Ce souvenir récent ressurgit et mes yeux s’embuèrent. Une goutte lacrymale creva au coin de l’œil et s’évada le long de ma joue.

« Je n’en sais rien. Tu dois avoir un certain intérêt pour eux. En tout cas, ils ont bien insisté pour que je m’occupe bien de toi.

— C’est qui eux ?

— Les Ultra Défense. Un merveilleux mouvement surgit de l’apocalypse. Un groupe ultra nationaliste révolutionnaire. Tu captes la dichotomie du concept. Il se revendique comme le nouveau pouvoir en place à Paris. On ne change pas les bonnes habitudes, pour eux c’est une attaque des islamistes d’un pays de bougnoulie ou du partie afro-américain clandestin au pouvoir aux Etats Unis. Trop inculte pour penser à la majorité des musulmans qui sont asiatiques, ou aux latinos envahisseur de l’Amérique sudiste. Asiatiques qui sont tous des Chinois pour eux, et eux ça peut passer par qu’ils ne font pas de bruit et qui sont travailleurs, même si ce sont de putains de communistes. Tout comme les Russes, mais avec eux, on ne veut pas se fâcher. Bref tous les poncifs d’une pensée raciste, homophobe, complotiste et nationaliste.

— Et toi que viens-tu faire là-dedans ?

— Ma sœur, partageant ces idées et surtout très conne avec un grain à moudre à la place du cerveau, a été embrigadé par le grand gourou A.H. Nemours. Et moi, je faisais parti du package. J’ai voulu ouvrir ma gueule, m’opposer et fuir. Et me voilà à tes côtés.

— Bizarre, ce n’est jamais un mouvement humaniste qui émerge du chaos.

— C’est la nature de l’homme, pire qu’un animal, grâce à ses facultés de penser.

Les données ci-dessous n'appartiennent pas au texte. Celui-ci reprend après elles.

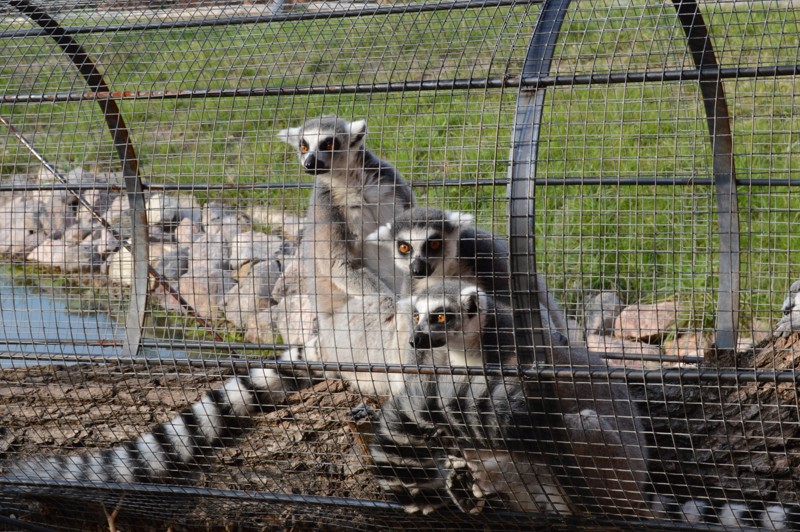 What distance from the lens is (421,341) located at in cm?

— Pourquoi sommes-nous ici ?

— Le symbole ! la Tour Montparnasse, leur château duquel ils dominent le reste de la population survivante. A.H. en est le seigneur. A.H. comme Adolf Hitler au cas où tu n’aurais pas capté. Plus c’est gros, plus ça marche sur les esprits débiles et fragiles.

— Comme c’est original !

— N’est-ce pas ? Mais la conséquence non imaginée à la base de surplomber la ville, c’est que nous avons pu définir les contours de l’attaque, ou plutôt du phénomène naturel ou extranaturel comme je le disais aux autres.

— C’est-à-dire ?

— Je te le montrerais quand tu pourras de déplacer jusqu’au surplomb.

— Montre-le-moi maintenant.

— Arrête Micaël, tu peux à peine garder les yeux ouverts.

J’essayai de me redresser, trop vite surement. Avant que mon bras soit en extension, le feu m’électrisa les nerfs et me foudroya le cerveau, m’éteignant aussitôt dans l’obscurité de l’inconscience.